Employers outside of farming added 271,000 jobs in October and the jobless rate fell to five per cent, a 7-1/2-year low, according to a Labor Department report released on Friday.
With Fed officials already saying they don't want or expect the jobless rate to fall much further, it would likely take a devastating blow in the November hiring data or mayhem in financial markets for the majority of policymakers to give up on their expectation of a hike at their Dec. 15-16 policy meeting.
"The natural expectation is for the pace of job growth to slow in the months and quarters ahead. We are expecting that to happen," St. Louis Federal Reserve Bank President James Bullard told Reuters ahead of the report on Thursday. "I don't think markets have absorbed this."
On Friday, investors raised bets the Fed would lift rates next month, with futures markets implying a 72 per cent chance of liftoff, up from 58 per cent a day earlier.
Prior to Friday's jobs report, private economists said job gains above 150,000 in October and November could be enough for the central bank to hike in December.
October's job growth was well above average compared to the last two years and also much higher than what many U.S. central bankers say is needed to reduce unemployment.
A range of research at the central bank suggests that even monthly job growth around 100,000 could be enough for policymakers to move ahead with a rate hike if other signals on the economy's health don't flash warning signs.
Last month, Atlanta Fed President Dennis Lockhart said more than 100,000 new jobs a month was enough to outpace population growth and lower joblessness.
Bullard on Thursday pinned the number between 100,000 and 125,000, while Cleveland Fed President Loretta Mester has said it's between 70,000 and 120,000.
These numbers are considerably lower than was normal in past decades because the U.S. population is becoming increasingly elderly. America saw a bulge in births just after World War Two and that generation is now retiring in droves, slowing growth in the workforce.

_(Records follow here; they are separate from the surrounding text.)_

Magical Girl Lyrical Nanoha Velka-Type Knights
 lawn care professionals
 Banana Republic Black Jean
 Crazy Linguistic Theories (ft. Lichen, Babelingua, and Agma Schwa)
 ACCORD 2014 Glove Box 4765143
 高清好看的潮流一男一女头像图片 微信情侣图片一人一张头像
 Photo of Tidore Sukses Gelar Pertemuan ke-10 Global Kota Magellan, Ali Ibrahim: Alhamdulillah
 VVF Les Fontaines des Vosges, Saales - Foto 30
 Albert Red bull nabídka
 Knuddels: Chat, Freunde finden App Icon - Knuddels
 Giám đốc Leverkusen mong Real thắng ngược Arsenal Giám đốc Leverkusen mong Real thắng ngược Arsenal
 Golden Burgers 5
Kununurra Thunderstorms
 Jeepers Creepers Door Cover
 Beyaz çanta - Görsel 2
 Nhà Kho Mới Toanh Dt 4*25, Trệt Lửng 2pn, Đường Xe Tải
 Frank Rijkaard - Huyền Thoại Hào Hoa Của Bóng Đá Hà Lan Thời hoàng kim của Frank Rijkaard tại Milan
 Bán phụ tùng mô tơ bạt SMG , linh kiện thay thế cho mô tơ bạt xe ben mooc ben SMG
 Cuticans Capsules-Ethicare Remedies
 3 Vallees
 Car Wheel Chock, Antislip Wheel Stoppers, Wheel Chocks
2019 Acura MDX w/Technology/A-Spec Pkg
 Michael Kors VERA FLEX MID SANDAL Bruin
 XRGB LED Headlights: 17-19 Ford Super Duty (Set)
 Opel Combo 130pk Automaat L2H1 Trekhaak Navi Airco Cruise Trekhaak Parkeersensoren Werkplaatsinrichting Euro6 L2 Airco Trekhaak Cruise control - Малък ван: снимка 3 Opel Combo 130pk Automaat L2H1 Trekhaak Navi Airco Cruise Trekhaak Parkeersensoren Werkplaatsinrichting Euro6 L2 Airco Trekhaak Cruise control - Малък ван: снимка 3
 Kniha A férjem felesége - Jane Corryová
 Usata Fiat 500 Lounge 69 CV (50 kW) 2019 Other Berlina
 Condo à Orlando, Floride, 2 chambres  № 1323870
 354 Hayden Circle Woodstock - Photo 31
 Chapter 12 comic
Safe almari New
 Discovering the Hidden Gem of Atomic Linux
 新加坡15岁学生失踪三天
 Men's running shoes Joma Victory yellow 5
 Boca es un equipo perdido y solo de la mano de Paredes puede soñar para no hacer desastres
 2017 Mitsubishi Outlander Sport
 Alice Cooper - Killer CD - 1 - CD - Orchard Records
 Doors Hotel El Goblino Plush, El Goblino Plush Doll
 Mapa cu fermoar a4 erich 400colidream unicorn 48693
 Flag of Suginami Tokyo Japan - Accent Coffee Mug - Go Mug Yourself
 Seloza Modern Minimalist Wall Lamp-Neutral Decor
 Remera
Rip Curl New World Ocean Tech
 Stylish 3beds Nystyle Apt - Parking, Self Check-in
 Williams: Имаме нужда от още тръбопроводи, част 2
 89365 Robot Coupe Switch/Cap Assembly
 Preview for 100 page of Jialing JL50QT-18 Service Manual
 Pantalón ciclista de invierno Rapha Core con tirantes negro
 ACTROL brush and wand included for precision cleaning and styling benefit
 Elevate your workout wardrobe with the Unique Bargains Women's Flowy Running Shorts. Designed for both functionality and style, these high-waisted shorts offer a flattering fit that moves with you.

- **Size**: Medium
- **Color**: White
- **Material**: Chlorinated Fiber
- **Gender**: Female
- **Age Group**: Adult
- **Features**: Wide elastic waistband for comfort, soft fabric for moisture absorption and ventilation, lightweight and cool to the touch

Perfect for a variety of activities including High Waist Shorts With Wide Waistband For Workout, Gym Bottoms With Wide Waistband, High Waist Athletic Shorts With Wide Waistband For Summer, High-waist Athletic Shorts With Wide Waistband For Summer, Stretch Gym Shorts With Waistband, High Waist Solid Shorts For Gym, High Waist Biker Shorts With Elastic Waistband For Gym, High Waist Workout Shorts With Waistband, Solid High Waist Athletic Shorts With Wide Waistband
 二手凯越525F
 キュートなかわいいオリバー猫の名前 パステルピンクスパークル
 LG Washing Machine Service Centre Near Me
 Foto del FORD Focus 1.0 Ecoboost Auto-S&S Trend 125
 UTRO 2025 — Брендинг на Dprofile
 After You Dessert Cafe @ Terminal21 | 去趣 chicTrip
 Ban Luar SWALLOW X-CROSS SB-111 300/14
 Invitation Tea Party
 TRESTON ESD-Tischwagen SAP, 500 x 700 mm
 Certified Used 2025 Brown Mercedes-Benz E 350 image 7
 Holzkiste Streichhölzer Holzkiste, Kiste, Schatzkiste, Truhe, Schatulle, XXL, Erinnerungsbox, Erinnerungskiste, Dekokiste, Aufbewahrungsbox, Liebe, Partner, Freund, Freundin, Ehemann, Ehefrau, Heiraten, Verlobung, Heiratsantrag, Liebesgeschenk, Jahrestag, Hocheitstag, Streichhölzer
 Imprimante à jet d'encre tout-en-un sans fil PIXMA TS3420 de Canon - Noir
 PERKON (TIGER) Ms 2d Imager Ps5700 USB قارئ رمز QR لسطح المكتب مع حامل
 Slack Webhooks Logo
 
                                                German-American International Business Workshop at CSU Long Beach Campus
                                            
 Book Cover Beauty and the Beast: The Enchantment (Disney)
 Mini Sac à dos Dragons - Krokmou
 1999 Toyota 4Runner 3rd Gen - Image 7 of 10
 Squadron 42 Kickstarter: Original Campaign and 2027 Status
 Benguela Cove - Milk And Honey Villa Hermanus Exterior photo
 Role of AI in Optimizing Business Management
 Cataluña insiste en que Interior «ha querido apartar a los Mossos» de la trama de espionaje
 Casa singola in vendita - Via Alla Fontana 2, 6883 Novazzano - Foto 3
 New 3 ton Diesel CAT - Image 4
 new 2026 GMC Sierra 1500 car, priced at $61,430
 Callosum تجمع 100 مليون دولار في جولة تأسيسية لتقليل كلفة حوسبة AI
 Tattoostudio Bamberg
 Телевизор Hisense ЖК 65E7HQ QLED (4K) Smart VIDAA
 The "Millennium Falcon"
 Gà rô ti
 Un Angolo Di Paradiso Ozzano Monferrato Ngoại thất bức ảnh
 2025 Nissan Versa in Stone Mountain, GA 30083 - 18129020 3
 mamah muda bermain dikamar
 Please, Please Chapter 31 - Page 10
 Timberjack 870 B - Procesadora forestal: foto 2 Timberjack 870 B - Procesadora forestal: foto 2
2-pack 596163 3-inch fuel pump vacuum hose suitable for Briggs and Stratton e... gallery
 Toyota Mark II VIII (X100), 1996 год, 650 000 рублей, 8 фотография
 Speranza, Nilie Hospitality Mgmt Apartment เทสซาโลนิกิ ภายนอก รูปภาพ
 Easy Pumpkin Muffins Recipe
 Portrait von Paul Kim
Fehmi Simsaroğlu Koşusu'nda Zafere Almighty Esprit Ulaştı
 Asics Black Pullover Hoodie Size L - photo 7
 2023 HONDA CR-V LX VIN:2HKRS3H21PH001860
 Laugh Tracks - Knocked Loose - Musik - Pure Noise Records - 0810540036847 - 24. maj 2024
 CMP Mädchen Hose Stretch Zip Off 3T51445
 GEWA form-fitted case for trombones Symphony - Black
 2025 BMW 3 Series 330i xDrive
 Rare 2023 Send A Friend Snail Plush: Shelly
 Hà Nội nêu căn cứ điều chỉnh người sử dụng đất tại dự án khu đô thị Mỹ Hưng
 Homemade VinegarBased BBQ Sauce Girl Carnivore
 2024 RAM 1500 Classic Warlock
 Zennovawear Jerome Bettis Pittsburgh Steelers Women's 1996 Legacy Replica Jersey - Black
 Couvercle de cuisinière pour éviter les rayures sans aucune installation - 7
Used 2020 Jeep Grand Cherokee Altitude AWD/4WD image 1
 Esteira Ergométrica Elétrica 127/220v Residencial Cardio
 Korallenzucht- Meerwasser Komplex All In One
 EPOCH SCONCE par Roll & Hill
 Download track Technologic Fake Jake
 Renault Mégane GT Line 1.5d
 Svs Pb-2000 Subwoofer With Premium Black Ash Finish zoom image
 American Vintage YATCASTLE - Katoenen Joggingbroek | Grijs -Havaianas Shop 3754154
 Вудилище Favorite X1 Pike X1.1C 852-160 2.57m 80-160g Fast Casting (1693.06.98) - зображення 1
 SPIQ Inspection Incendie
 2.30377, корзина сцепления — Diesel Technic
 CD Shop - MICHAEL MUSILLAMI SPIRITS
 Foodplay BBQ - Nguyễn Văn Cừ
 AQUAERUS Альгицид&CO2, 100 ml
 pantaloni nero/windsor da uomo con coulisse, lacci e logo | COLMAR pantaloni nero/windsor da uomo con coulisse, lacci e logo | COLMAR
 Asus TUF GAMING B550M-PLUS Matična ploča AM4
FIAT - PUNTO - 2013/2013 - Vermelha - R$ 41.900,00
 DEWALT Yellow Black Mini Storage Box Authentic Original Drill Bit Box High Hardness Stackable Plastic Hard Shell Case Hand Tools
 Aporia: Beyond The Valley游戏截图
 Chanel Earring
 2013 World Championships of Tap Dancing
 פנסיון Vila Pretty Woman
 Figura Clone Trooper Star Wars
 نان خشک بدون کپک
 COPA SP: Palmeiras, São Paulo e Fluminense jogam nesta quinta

The 2007-09 recession put millions of workers out of work and it has taken around 200,000 new jobs a month since 2010 to knock a 10 per cent jobless rate in half.
On Wednesday, Fed Chair Janet Yellen described the economy as strong, despite the slower job growth seen in August and September. The poor payrolls growth seen in those months had fueled doubts among investors that the Fed would raise rates this year, even though Yellen has signaled she believed a hike would be appropriate before the year ends.
Central bankers have been saying job creation needs to slow. Already, the median view among Fed policymakers is that an unemployment rate below 4.9 per cent would eventually send inflation above their two per cent target.
"It's not only expected that we are seeing some slowdown," San Francisco Fed President John Williams told reporters in October. "It's consistent, I think, with my overall view" on what is needed for a healthy labor market.